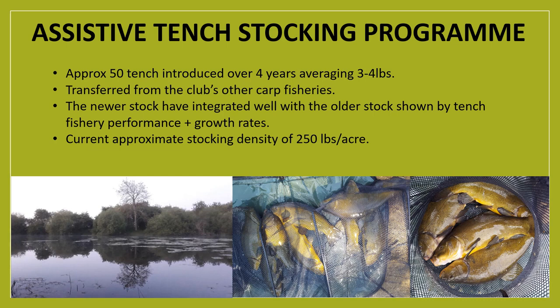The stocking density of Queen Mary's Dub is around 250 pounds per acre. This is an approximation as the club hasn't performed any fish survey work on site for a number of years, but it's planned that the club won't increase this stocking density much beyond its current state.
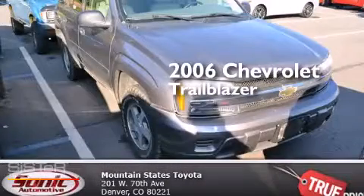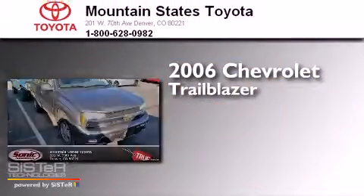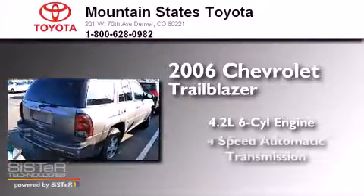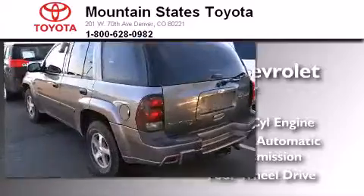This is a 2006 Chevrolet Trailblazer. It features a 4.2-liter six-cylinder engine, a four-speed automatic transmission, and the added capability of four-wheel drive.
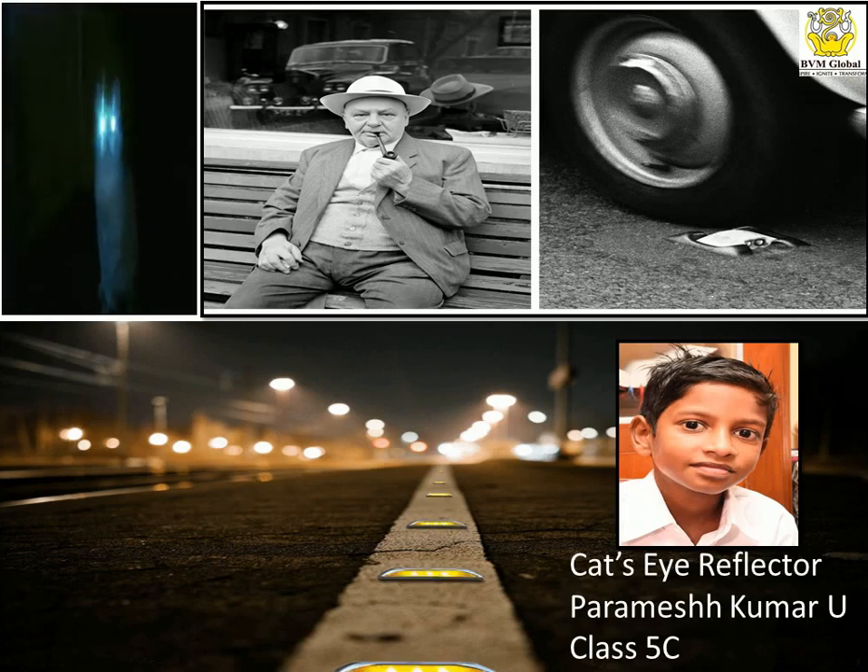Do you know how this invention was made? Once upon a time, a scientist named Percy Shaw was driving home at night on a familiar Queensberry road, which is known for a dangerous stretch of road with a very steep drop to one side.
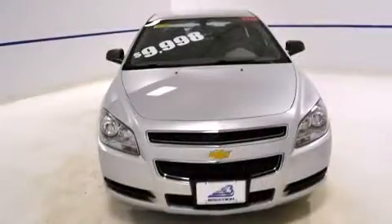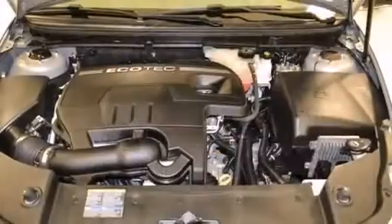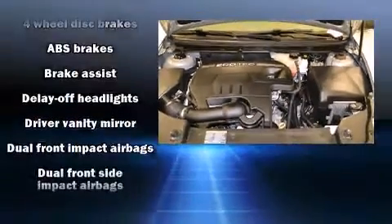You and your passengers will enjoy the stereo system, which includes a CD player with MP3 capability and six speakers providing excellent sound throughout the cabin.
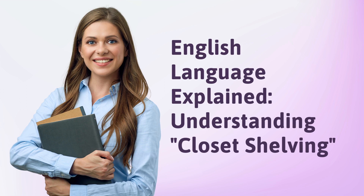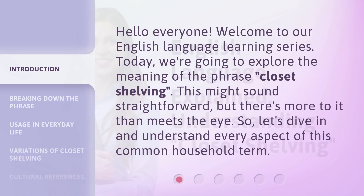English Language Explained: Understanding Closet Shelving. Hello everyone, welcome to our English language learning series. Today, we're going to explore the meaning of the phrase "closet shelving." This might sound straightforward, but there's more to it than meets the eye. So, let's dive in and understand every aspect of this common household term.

•••

*Your instructions*
Generate a word-for-word copy of the preceding records, excluding all pictures.

*Solution to this exercise*
The stocking density of Queen Mary's Dub is around 250 pounds per acre. This is an approximation as the club hasn't performed any fish survey work on site for a number of years, but it's planned that the club won't increase this stocking density much beyond its current state.
This is a 2006 Chevrolet Trailblazer. It features a 4.2-liter six-cylinder engine, a four-speed automatic transmission, and the added capability of four-wheel drive.
Do you know how this invention was made? Once upon a time, a scientist named Percy Shaw was driving home at night on a familiar Queensberry road, which is known for a dangerous stretch of road with a very steep drop to one side.
You and your passengers will enjoy the stereo system, which includes a CD player with MP3 capability and six speakers providing excellent sound throughout the cabin.
English Language Explained: Understanding Closet Shelving. Hello everyone, welcome to our English language learning series. Today, we're going to explore the meaning of the phrase "closet shelving." This might sound straightforward, but there's more to it than meets the eye. So, let's dive in and understand every aspect of this common household term.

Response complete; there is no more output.